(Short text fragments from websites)
-.-.-
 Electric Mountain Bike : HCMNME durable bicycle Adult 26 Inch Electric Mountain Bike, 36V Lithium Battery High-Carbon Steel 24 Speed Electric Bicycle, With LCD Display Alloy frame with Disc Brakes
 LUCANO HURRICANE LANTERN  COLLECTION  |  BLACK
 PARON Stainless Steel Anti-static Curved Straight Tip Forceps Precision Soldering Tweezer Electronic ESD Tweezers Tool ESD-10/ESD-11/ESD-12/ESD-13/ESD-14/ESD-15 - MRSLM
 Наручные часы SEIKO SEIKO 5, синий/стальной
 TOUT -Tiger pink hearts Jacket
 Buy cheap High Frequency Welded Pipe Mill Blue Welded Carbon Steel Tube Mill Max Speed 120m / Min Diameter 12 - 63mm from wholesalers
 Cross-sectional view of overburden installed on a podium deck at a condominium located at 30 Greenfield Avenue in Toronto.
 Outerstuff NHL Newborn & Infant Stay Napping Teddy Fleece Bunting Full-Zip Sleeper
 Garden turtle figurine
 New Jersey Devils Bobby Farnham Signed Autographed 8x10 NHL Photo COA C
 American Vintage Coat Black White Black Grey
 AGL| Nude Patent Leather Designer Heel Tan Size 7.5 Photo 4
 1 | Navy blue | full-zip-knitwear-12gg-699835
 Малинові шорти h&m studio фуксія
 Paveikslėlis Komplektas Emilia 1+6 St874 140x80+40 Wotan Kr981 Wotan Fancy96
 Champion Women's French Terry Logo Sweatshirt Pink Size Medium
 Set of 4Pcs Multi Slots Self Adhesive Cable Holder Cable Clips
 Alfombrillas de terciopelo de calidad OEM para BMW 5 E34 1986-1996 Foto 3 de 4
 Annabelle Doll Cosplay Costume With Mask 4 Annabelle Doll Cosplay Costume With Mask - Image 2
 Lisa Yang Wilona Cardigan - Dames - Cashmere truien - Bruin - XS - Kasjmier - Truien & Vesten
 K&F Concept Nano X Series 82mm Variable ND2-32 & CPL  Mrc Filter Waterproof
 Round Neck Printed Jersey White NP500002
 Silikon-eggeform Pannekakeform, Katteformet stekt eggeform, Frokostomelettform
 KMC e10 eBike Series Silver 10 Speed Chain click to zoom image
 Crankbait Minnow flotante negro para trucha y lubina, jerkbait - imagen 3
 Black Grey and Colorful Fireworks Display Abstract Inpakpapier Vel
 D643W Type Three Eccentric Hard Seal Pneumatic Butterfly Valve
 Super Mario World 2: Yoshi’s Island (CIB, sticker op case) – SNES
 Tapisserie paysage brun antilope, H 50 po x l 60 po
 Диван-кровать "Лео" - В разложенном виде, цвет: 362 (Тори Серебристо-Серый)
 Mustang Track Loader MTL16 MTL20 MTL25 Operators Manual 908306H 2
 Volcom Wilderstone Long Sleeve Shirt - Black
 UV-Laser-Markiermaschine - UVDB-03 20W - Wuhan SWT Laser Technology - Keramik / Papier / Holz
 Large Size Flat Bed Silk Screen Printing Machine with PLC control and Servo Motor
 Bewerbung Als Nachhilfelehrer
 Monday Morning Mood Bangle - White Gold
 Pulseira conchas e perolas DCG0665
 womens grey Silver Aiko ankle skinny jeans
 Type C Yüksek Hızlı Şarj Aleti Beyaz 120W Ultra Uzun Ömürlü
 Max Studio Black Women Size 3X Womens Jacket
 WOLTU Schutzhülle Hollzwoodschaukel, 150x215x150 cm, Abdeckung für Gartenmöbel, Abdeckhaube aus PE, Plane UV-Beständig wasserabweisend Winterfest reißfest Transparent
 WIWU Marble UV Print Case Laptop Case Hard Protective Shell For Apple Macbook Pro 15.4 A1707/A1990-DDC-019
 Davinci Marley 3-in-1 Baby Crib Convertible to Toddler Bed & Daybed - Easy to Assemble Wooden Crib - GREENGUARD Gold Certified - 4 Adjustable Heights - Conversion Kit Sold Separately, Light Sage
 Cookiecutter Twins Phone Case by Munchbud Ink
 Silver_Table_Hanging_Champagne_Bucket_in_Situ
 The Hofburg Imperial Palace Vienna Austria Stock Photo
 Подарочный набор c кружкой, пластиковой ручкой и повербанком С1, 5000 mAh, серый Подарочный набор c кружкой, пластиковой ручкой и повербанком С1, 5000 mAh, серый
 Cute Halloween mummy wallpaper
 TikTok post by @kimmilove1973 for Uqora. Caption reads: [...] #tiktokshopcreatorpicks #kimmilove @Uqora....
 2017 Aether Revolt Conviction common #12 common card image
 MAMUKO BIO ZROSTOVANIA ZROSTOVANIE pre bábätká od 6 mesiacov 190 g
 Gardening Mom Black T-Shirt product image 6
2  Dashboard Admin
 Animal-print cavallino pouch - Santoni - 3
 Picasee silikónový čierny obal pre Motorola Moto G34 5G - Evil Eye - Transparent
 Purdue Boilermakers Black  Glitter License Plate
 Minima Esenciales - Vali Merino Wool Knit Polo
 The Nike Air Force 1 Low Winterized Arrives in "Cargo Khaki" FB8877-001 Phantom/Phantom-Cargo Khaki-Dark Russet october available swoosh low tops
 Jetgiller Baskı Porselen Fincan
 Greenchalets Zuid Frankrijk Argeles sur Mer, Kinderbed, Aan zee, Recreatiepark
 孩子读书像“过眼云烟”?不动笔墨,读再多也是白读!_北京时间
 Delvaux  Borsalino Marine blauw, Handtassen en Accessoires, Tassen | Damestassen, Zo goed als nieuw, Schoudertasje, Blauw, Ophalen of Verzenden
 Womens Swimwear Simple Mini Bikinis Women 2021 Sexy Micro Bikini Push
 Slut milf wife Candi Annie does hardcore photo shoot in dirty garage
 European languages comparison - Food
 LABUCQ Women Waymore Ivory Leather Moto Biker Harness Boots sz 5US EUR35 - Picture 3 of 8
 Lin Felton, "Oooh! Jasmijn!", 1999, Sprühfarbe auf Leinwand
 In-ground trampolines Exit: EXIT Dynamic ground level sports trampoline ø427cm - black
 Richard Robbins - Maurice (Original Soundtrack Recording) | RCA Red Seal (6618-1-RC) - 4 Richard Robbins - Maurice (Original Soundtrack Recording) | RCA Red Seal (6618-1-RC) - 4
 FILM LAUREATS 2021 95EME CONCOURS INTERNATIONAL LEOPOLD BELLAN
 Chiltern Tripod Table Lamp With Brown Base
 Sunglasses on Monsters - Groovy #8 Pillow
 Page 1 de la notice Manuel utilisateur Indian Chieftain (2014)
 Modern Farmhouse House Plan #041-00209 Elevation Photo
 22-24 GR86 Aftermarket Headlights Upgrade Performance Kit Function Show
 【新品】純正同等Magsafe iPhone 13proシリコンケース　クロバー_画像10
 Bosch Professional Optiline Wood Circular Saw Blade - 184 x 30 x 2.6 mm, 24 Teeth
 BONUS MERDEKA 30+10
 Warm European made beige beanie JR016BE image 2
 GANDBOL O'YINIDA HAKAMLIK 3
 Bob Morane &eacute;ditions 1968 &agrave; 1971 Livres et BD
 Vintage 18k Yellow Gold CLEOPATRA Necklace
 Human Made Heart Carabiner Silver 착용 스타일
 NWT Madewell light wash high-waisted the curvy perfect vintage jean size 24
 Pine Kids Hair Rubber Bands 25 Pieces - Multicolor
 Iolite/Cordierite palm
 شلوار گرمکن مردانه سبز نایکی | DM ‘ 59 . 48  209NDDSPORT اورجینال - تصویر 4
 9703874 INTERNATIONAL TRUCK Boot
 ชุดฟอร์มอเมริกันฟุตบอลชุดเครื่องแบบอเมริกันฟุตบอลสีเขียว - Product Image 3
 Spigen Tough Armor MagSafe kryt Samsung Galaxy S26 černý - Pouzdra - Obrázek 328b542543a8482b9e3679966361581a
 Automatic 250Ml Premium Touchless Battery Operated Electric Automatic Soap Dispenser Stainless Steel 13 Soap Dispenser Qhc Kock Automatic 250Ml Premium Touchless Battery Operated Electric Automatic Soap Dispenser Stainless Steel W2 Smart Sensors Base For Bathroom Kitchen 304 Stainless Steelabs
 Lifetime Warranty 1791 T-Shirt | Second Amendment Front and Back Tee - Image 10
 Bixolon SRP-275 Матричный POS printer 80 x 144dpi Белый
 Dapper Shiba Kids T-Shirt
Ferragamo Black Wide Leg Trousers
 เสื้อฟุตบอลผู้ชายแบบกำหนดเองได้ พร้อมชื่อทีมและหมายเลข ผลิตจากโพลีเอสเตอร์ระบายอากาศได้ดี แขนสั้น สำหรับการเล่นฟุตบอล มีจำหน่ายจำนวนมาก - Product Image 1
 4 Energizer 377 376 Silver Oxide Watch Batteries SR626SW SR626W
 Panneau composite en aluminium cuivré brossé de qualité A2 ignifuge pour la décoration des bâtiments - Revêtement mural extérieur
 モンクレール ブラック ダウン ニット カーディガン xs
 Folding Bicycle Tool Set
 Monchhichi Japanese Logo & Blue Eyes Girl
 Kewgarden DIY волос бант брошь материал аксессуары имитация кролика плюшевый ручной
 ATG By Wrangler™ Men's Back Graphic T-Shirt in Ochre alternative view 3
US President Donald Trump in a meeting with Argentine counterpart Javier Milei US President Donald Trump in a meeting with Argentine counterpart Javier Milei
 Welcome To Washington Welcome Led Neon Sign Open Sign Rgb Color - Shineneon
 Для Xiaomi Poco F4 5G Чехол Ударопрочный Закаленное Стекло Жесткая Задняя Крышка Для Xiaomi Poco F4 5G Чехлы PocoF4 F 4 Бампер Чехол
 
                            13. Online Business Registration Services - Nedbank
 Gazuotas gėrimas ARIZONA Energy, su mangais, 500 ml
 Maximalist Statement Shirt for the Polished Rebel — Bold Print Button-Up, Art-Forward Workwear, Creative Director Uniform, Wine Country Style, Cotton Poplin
-.-.-
PROBLEM REQUIREMENTS: Your answer should consist of the lines from the line with "TOUT -Tiger pink hearts Jacket" to the line with "1 | Navy blue" above, repeated exactly, both ends included.

EXERCISE OUTPUT:
 TOUT -Tiger pink hearts Jacket
 Buy cheap High Frequency Welded Pipe Mill Blue Welded Carbon Steel Tube Mill Max Speed 120m / Min Diameter 12 - 63mm from wholesalers
 Cross-sectional view of overburden installed on a podium deck at a condominium located at 30 Greenfield Avenue in Toronto.
 Outerstuff NHL Newborn & Infant Stay Napping Teddy Fleece Bunting Full-Zip Sleeper
 Garden turtle figurine
 New Jersey Devils Bobby Farnham Signed Autographed 8x10 NHL Photo COA C
 American Vintage Coat Black White Black Grey
 AGL| Nude Patent Leather Designer Heel Tan Size 7.5 Photo 4
 1 | Navy blue | full-zip-knitwear-12gg-699835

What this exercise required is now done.